Am I going to have to do all this myself or is it already done for me somewhere?

I'm writing currently a library, that is 100% @nogc but not nothrow, and I slowly begin to believe that I should publish it already, though it isn't ready yet. At least as example.
std.experimental.allocator doesn't work nicely with @nogc. for example dispose calls destroy, that isn't @nogc.
I wrote a primitive native allocator for linux and some help functions, that replaces phobos functions till they aren't @nogc-ready. For example for throwing the exceptions:

void raise(T : Throwable, A...)(Allocator allocator, auto ref A args)
{
	auto e = make!T(allocator, args);
	throw e;
}


and you can throw then with raise!Exception("bla-bla")


On Wednesday, 13 July 2016 at 16:13:21 UTC, Adam Sansier wrote:
> On Wednesday, 13 July 2016 at 11:39:11 UTC, Lodovico Giaretta wrote:
>> On Wednesday, 13 July 2016 at 00:57:38 UTC, Adam Sansier wrote:
>>> [...]
>>
>> You shall use a static per-thread Region allocator[1] backed by Mallocator[2].
>> Then you just make[3] exceptions inside it and throw them.
>> So you can allocate and chain exceptions until you end the memory established on creation.
>> Whenever you don't need the exception chain anymore (i.e.: you catched them and program is back in "normal" mode, you just reset the region allocator, so you have all of your memory again, for the next exception chain).
>>
>> [1] https://dlang.org/phobos/std_experimental_allocator_building_blocks_region.html
>> [2] https://dlang.org/phobos/std_experimental_allocator_mallocator.html
>> [3] https://dlang.org/phobos/std_experimental_allocator.html
>
> Am I going to have to do all this myself or is it already done for me somewhere?

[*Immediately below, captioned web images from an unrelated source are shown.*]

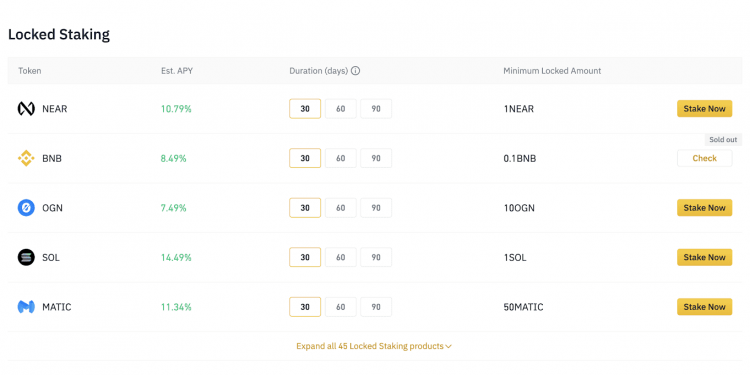 Locked Staking Binance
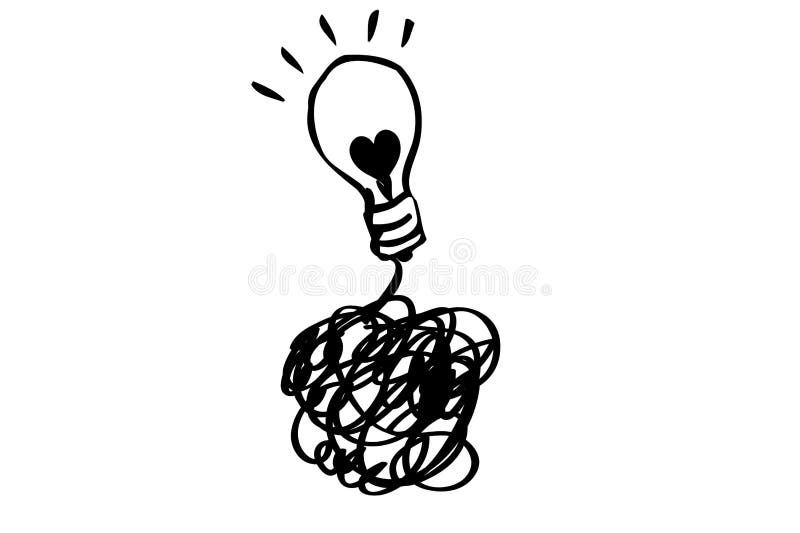 Brain with switch and bulb light cartoon illustration graphic design on white. Doodle style stock images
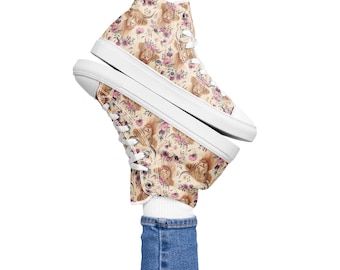 Floral Highland Cow High Top Sneakers – Western Cowgirl Style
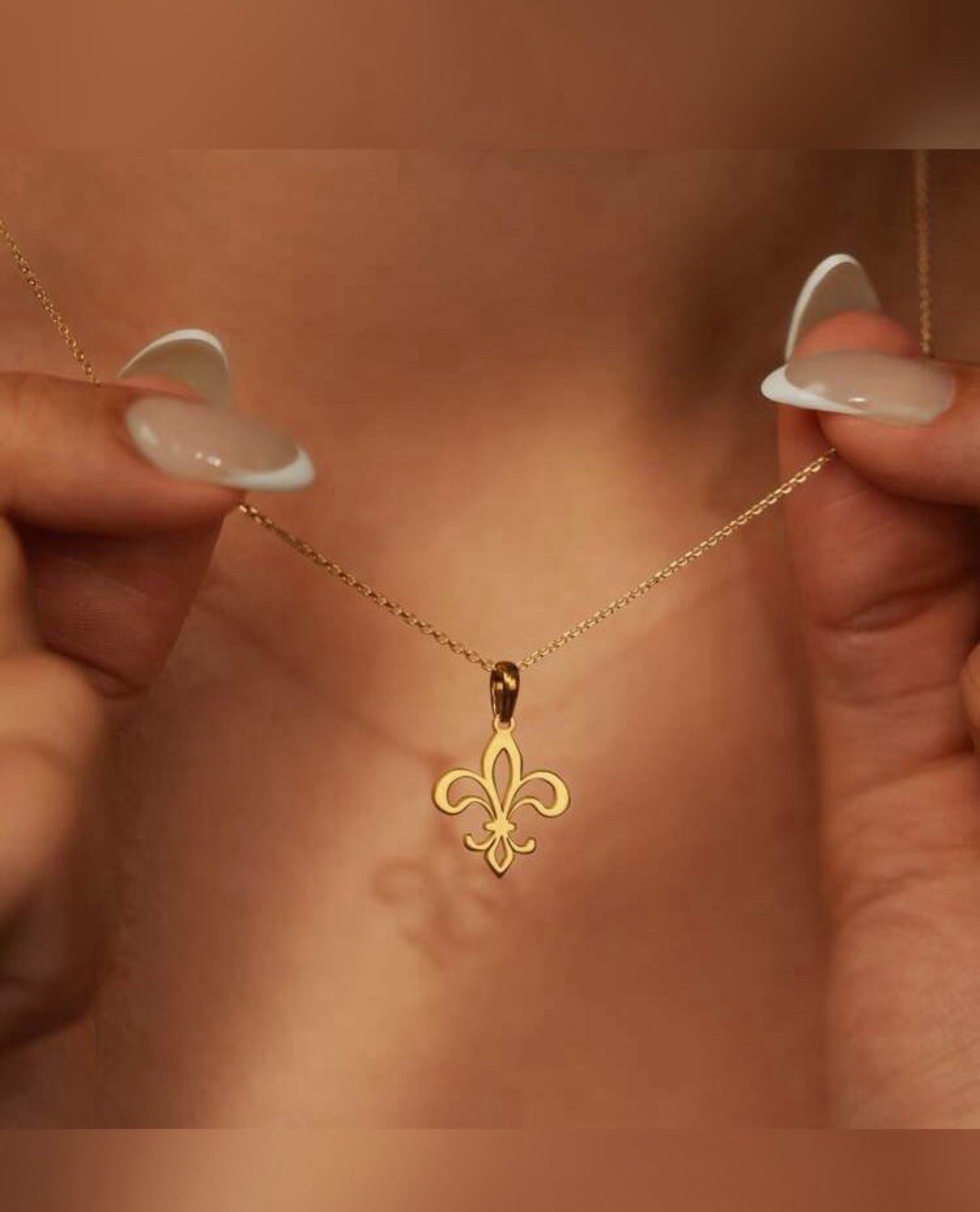 Fleur de Lis Pendant Necklace Gold Tone Stainless Steel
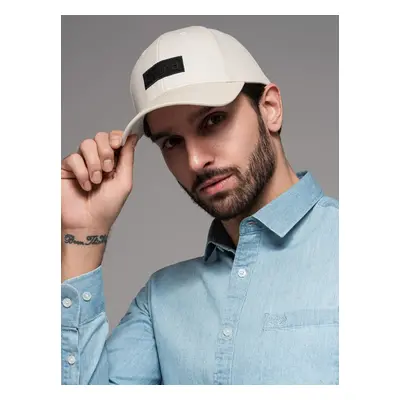 Ombre Men's baseball cap with visor and rectangular patch - cream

On Wednesday, 13 July 2016 at 16:13:21 UTC, Adam Sansier wrote:
> On Wednesday, 13 July 2016 at 11:39:11 UTC, Lodovico Giaretta wrote:
>> On Wednesday, 13 July 2016 at 00:57:38 UTC, Adam Sansier wrote:
>>> [...]
>>
>> You shall use a static per-thread Region allocator[1] backed by Mallocator[2].
>> Then you just make[3] exceptions inside it and throw them.
>> So you can allocate and chain exceptions until you end the memory established on creation.
>> Whenever you don't need the exception chain anymore (i.e.: you catched them and program is back in "normal" mode, you just reset the region allocator, so you have all of your memory again, for the next exception chain).
>>
>> [1] https://dlang.org/phobos/std_experimental_allocator_building_blocks_region.html
>> [2] https://dlang.org/phobos/std_experimental_allocator_mallocator.html
>> [3] https://dlang.org/phobos/std_experimental_allocator.html
>
> Am I going to have to do all this myself or is it already done for me somewhere?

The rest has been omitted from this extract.